Ce soir c’est une nouvelle tirée d’une suite de dix, que les deux complices vont égrainer devant un public étonné, intéressé et souvent charmé. Au delà du thème de l’amour dont tout a été dit et tout reste à dire , c’est l’histoire d’un couple qui nous est racontée. Tout est au fond assez banal. La lenteur d’une rencontre où les protagonistes s’approchent, s’évaluent, finissent par se connaître au sens biblique du terme, tout en gardant un certain éloignement.

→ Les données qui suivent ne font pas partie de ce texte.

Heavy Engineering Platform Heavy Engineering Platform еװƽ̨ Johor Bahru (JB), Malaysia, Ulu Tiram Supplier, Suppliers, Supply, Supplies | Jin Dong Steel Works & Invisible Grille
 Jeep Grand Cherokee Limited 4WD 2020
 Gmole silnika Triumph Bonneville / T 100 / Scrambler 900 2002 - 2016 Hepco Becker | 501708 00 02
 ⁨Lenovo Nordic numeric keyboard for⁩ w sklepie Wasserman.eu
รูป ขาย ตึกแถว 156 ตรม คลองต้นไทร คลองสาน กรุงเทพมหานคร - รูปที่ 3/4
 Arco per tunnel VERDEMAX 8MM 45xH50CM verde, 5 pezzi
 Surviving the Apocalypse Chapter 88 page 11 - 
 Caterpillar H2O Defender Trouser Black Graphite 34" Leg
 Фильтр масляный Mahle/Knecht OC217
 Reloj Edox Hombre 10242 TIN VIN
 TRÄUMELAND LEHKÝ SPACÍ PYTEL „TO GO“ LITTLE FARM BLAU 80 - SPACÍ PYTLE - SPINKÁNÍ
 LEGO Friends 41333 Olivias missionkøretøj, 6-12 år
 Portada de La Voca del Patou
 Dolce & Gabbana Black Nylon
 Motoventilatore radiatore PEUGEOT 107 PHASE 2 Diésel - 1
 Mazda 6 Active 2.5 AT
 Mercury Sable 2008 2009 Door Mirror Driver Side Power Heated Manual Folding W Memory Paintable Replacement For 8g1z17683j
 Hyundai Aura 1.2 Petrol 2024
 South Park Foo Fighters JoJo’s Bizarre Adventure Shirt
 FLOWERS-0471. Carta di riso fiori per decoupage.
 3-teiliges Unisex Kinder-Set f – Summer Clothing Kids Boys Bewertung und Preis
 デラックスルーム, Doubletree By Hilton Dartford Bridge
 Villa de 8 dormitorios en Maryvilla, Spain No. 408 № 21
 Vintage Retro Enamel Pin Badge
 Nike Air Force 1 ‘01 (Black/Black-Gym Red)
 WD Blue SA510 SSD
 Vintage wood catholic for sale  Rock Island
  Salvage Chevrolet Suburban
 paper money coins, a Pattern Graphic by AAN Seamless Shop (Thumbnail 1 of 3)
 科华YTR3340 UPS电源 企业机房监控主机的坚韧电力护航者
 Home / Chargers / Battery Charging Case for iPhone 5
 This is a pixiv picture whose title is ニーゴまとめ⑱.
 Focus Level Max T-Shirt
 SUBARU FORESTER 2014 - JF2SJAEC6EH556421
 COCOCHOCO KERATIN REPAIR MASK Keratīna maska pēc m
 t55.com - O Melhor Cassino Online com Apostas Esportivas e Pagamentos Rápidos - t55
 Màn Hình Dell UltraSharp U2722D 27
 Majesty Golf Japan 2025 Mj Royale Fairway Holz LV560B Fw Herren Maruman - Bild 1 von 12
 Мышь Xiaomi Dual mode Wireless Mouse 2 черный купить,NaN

Le charme opère, la découverte fascine, mais la crainte de ce qui pourrait ressembler à un engagement les maintient peu ou prou à distance. Seulement voilà, sans qu’ils y aient pris garde, s’installe la passion, avec toutes ses fureurs et tous ses enchantements. Il devient urgent de se perdre dans l’autre, pourtant la belle histoire va rapidement vaciller. Ce qui ne manque jamais d’arriver lorsque le bonheur paraît trop beau , trop grand, c’est le poison du doute qui s’instille pernicieusement dans les pensées, une petite voix qui chuchote à l’oreille une phrase mille fois ressassée « c’est trop beau , ça ne durera pas ». Et pourquoi donc ? Mais la raison a beau taper du poing sur la table, le vers est dans le fruit et continue inlassablement son travail de sape. Tout ce qui dans l’autre charmait et amusait devient sujet d’agacement, d’escarmouches. L’entassement des inévitables compromissions fait oublier jusqu’au souvenir des jolis moments partagés. Pendant deux heures haletantes, Arnaud Cathrine et Florent Marchet nous invitent à être les témoins passifs de ce lent délitement où aucun détail n’est laissé de côté. On en viendrait à prendre parti et crier au garçon – « arrête de faire l’idiot tu vois bien qu’elle t’aime », mais rien ne perturbe l’inexorable destruction à laquelle nous assistons, voyeurs et expectatifs. Ce tourbillon devrait donc, en toute logique nous conduire à une inéluctable séparation, mais voilà, la raison reprend le dessus, s’ensuit un apaisement et la nouvelle s’achève dans une phrase simple et belle « après ils s’aimèrent, et ce fut autre chose ».
Intéressante soirée où nos deux hôtes ont démontré chacun à leur tour et parfois en simultané, un talent et une sensibilité des plus stimulantes. Ce n’est donc pas un hasard si Arnaud Cathrine a reçu le prix de la nouvelle 2015 de l’Académie française. Un jeune talent indiscutablement à suivre.